RRF with Three Systems

Python

# Add a third retriever (e.g., title-specific BM25 on document titles)
title_bm25 = BM25Retriever(all_titles, all_metas)
title_results = title_bm25.retrieve(query, top_k=fetch_k)
for doc in title_results:
    doc["id"] = doc["metadata"]["chunk_id"]

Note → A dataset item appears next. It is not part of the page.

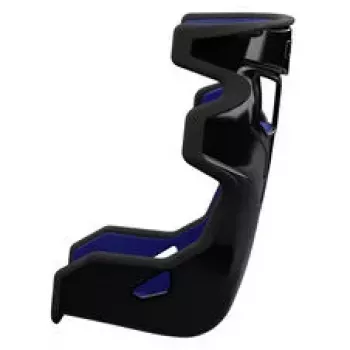 SABELT SIM RACING SRX-1 Fotel wyścigowy Sim Racing, skorupa z włókna szklanego, wyściełany - Royal Blue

fused_3 = reciprocal_rank_fusion(
    result_lists=[dense_docs, bm25_docs, title_results],
    top_k=top_k,
    k=60,
)

RRF vs Linear Combination

RRF advantages:
  No score normalisation needed — uses ranks only
  Robust to scale differences between retrievers
  k=60 is a good default that rarely needs tuning
  Naturally handles documents missing from one retriever

Linear combination advantages:
  Can weight one retriever more heavily than another
  Requires score normalisation (max-min or z-score)
  α is a tunable hyperparameter

When to use each:
  RRF: default choice, production systems, when corpus changes frequently
  Linear: when you have offline evaluation data to tune α precisely

Azure AI Search, Qdrant, and Weaviate all support RRF natively

Why k=60

k controls sensitivity to top ranks:

  Without k: 1/rank — rank 1 = 1.0, rank 2 = 0.5, rank 3 = 0.33
    Very sensitive to being rank 1 vs rank 2

  With k=60: rank 1 = 1/61 = 0.0164, rank 2 = 1/62 = 0.0161
    Differences are small — rewards consensus across retrievers
    A document at rank 10 in both systems beats rank 1 in only one

  Typical range: 20–100
  Lower k: winner-takes-all behaviour
  Higher k: more equal weighting across ranks

Interview Answer

"Reciprocal Rank Fusion combines ranked result lists from multiple retrievers using position only — each document scores 1/(k+rank) per retriever, summed across all retrievers. The k=60 constant dampens the winner-takes-all effect so that a document ranking highly in both BM25 and dense search beats one ranking first in only one. The key advantage over linear score combination is that no normalisation is needed — BM25 and cosine similarity are on incompatible scales, but their ranks are directly comparable. I use RRF as the default fusion strategy for hybrid retrieval: it requires no per-corpus tuning and naturally handles documents missing from one retriever."